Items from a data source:
• • • • • • •

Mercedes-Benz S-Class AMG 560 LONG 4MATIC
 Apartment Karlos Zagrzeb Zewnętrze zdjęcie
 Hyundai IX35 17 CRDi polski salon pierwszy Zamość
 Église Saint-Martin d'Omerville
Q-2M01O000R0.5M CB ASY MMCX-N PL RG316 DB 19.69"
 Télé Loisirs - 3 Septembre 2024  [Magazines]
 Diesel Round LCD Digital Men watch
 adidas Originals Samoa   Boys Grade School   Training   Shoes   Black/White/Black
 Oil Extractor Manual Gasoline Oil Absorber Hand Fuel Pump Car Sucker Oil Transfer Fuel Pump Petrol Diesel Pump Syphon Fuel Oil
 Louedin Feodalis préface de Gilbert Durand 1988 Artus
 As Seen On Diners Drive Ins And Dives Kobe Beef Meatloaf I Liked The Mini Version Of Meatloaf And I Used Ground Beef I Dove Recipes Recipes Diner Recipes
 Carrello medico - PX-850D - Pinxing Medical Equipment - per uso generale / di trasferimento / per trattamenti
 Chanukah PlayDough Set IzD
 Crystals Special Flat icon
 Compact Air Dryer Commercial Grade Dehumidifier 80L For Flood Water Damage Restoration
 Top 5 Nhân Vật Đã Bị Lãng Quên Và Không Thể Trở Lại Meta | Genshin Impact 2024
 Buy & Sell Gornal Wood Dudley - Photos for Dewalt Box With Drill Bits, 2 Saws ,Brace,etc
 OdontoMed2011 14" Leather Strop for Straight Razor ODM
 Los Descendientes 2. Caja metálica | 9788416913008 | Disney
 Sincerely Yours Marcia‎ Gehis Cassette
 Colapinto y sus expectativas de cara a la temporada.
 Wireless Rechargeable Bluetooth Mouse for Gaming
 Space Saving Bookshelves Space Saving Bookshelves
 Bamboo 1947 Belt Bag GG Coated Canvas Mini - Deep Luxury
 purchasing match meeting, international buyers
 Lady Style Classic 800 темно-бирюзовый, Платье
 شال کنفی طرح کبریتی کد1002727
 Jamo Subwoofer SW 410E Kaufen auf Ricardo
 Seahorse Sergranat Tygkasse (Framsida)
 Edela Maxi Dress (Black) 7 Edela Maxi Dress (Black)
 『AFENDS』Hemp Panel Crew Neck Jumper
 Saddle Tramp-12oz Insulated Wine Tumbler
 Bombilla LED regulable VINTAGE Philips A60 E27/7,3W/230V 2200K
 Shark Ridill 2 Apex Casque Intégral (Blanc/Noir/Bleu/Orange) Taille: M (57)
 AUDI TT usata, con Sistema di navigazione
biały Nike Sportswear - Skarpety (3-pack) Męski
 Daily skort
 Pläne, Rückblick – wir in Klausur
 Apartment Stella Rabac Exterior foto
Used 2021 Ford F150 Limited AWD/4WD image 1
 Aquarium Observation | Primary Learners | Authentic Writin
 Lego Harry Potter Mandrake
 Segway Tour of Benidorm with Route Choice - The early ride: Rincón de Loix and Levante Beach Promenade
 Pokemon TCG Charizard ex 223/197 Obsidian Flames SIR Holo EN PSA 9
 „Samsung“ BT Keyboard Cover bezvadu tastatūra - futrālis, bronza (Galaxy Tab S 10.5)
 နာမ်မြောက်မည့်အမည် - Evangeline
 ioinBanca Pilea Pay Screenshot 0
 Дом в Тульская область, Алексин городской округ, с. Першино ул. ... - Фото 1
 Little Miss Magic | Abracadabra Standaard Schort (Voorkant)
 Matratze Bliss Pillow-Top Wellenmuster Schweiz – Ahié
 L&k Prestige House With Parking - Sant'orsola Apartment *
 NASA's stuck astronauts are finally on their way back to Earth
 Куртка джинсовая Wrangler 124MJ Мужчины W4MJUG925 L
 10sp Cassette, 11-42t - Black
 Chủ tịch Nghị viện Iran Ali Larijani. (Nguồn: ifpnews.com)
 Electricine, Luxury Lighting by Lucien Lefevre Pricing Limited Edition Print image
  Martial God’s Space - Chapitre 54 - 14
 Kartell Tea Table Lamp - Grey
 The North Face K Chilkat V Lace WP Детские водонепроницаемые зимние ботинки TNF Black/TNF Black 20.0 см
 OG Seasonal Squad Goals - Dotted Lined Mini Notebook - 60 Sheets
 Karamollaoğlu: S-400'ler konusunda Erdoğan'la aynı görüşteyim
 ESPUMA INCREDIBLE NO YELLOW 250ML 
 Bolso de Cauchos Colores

• • • • • • •

*Work to complete:*
Beginning with the line that holds "Pläne, Rückblick – wir in Klausur", restate word for word every line down to the end of the data, and only those lines.

*Task answer:*
 Pläne, Rückblick – wir in Klausur
 Apartment Stella Rabac Exterior foto
Used 2021 Ford F150 Limited AWD/4WD image 1
 Aquarium Observation | Primary Learners | Authentic Writin
 Lego Harry Potter Mandrake
 Segway Tour of Benidorm with Route Choice - The early ride: Rincón de Loix and Levante Beach Promenade
 Pokemon TCG Charizard ex 223/197 Obsidian Flames SIR Holo EN PSA 9
 „Samsung“ BT Keyboard Cover bezvadu tastatūra - futrālis, bronza (Galaxy Tab S 10.5)
 နာမ်မြောက်မည့်အမည် - Evangeline
 ioinBanca Pilea Pay Screenshot 0
 Дом в Тульская область, Алексин городской округ, с. Першино ул. ... - Фото 1
 Little Miss Magic | Abracadabra Standaard Schort (Voorkant)
 Matratze Bliss Pillow-Top Wellenmuster Schweiz – Ahié
 L&k Prestige House With Parking - Sant'orsola Apartment *
 NASA's stuck astronauts are finally on their way back to Earth
 Куртка джинсовая Wrangler 124MJ Мужчины W4MJUG925 L
 10sp Cassette, 11-42t - Black
 Chủ tịch Nghị viện Iran Ali Larijani. (Nguồn: ifpnews.com)
 Electricine, Luxury Lighting by Lucien Lefevre Pricing Limited Edition Print image
  Martial God’s Space - Chapitre 54 - 14
 Kartell Tea Table Lamp - Grey
 The North Face K Chilkat V Lace WP Детские водонепроницаемые зимние ботинки TNF Black/TNF Black 20.0 см
 OG Seasonal Squad Goals - Dotted Lined Mini Notebook - 60 Sheets
 Karamollaoğlu: S-400'ler konusunda Erdoğan'la aynı görüşteyim
 ESPUMA INCREDIBLE NO YELLOW 250ML 
 Bolso de Cauchos Colores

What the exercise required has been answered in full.